I actually love the show as well because you end up finding out a lot about women – as in
what they want, why they sometimes act the way they do and how their minds can sometimes work.
And it’s as I’m sitting there, thinking about the complicated nature of the female mind, that a thought suddenly hits me like a focking diesel train.
Jesus Christ.
No.
I jump up off the sofa and I literally sprint out of the room, then out to the gorden, where Honor is swinging her foot at the last daffodil standing.
She catches me just staring at her with my mouth open and she goes, ‘What the fock is your problem?’
I’m there, ‘Honor, I figured it out.’
She’s like, ‘What are you crapping on about now?’
‘It was you! Oh my God, you set Caleb up!’
She stares at me for a long time without saying a basic word. She’s possibly trying to, like, gauge how I feel about it? I actually don’t give a fock. I’m glad the little focker is out of our lives.
‘He got what he deserved,’ she eventually goes. ‘He thought he could use me to get to her.’

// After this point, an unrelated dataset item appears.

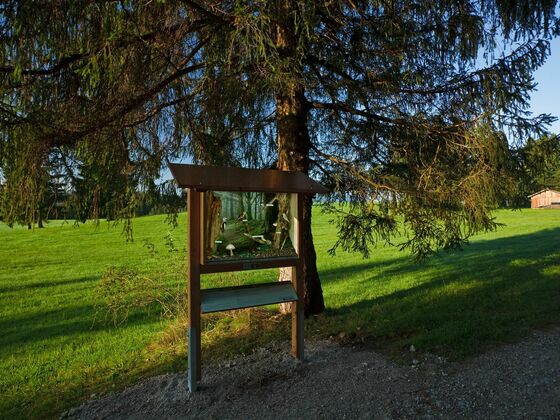 Schaukasten, Station 5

‘So Sorcha’s knickers and bras. You took them – and you planted them in his bag?’
She just shrugs. Doesn’t admit it, doesn’t deny it. I think she’s learned a lot from watching me over the years.
I’m there, ‘So when he said you sent him into our room to look for chocolate …’
Honor suddenly produces a bor of Galaxy from her pocket. She moves over to the swing bench and sits down. I do the same. I sit down beside her. She breaks off a chunk and offers it to me. I take it and pop it into my mouth.
She’s like, ‘How did you figure it out?’
I’m there, ‘I don’t know. I was in there watching Midday and it just hit me. I mean, when I pulled those bits and pieces out of his bag, he did seem genuinely surprised. So either he’s an incredible actor or he was stitched up. So when did you decide, like, to do it?’
‘That very first night he was here.’
‘That long ago?’
‘He was, like, all over her – and she was loving it, of course. Then every time he texted me after that, it was, Sorcha this and Sorcha that and, I’d love to see your mom’s letters from Nelson Mandela.’
‘Any excuse to get close to her, huh?’
‘And I just said to myself, Nobody focking treats me like that.’